■ Problem requirements ■
Could the listing be repeated exactly, with every picture dropped?
++++ Material provided ++++
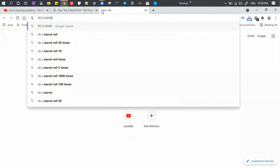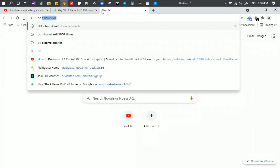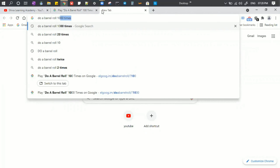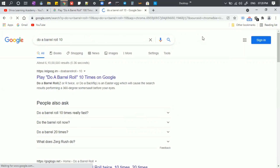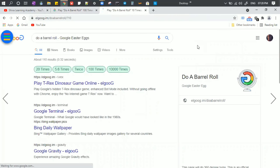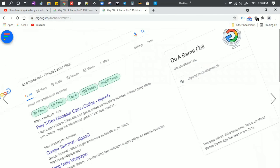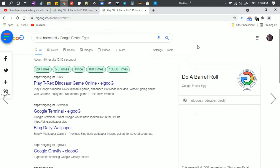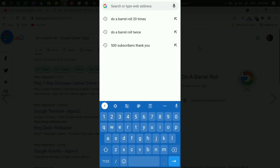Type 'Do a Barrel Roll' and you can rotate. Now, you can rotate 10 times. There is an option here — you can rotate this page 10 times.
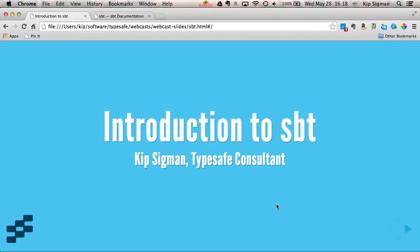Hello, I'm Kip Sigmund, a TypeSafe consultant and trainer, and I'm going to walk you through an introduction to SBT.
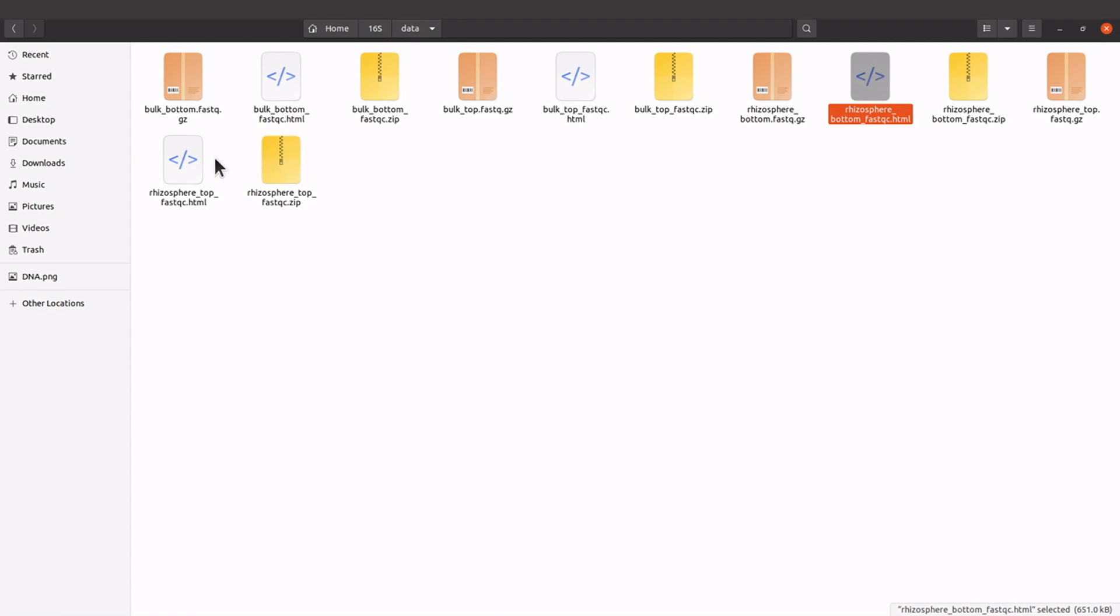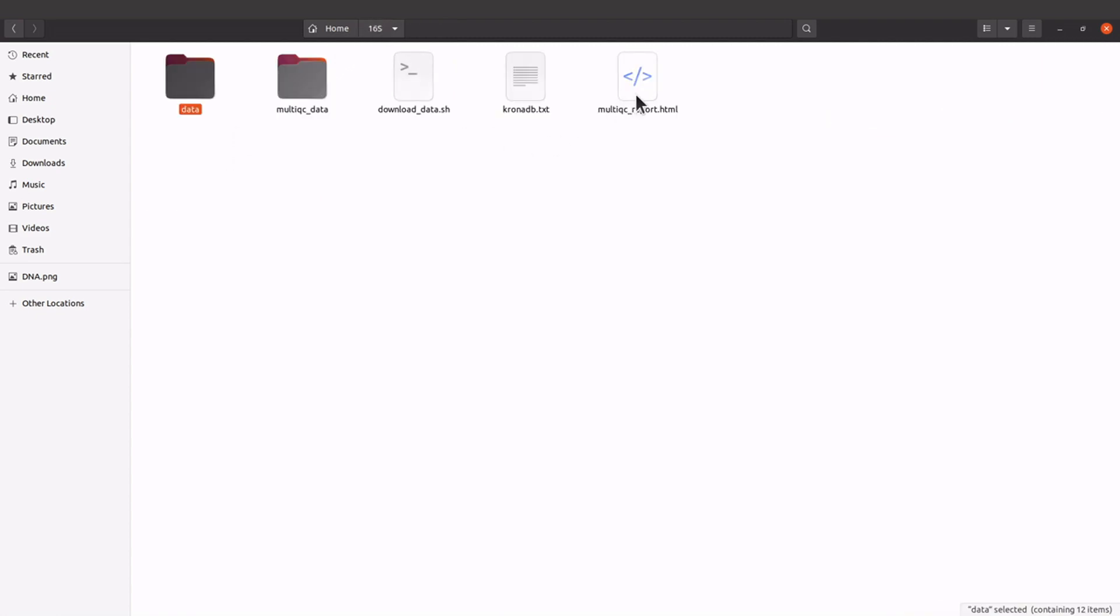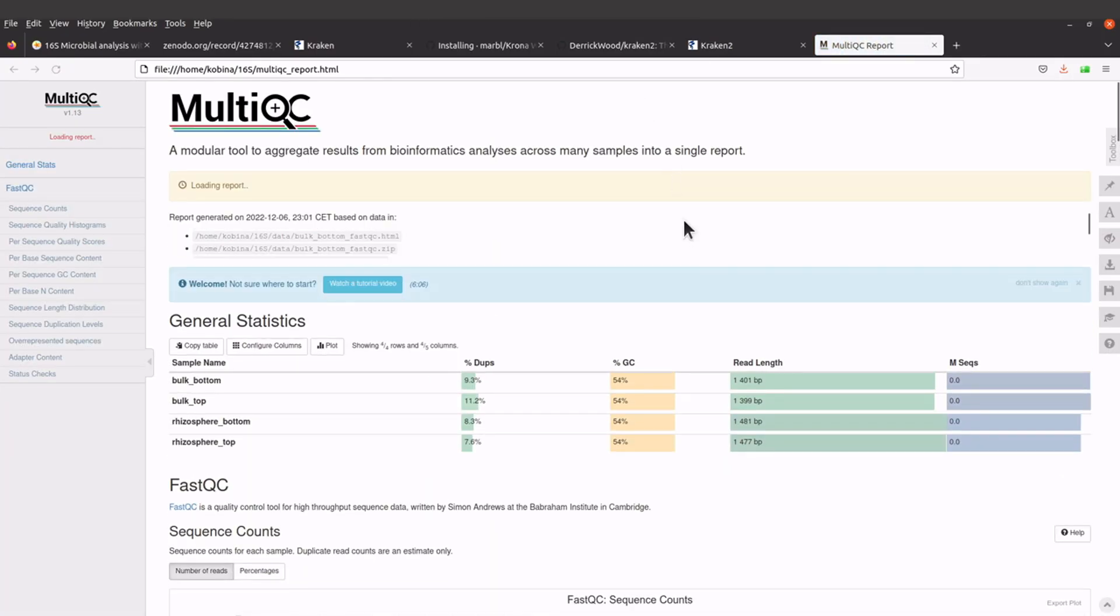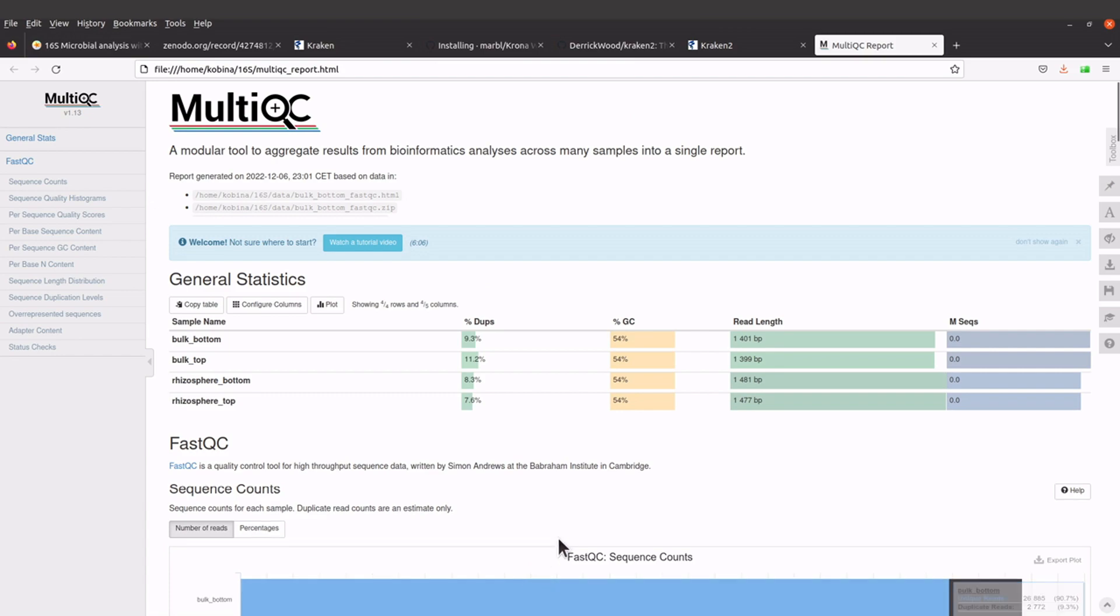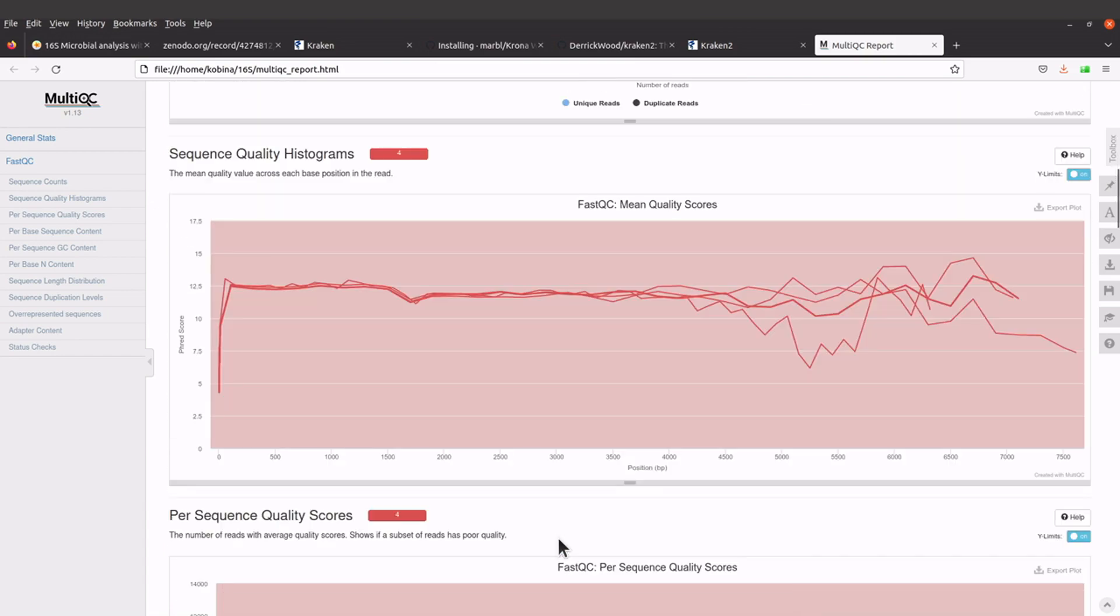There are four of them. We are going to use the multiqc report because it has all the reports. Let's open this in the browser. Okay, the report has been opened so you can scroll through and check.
++++
■ Written solution ■
Type 'Do a Barrel Roll' and you can rotate. Now, you can rotate 10 times. There is an option here — you can rotate this page 10 times.
Hello, I'm Kip Sigmund, a TypeSafe consultant and trainer, and I'm going to walk you through an introduction to SBT.
There are four of them. We are going to use the multiqc report because it has all the reports. Let's open this in the browser. Okay, the report has been opened so you can scroll through and check.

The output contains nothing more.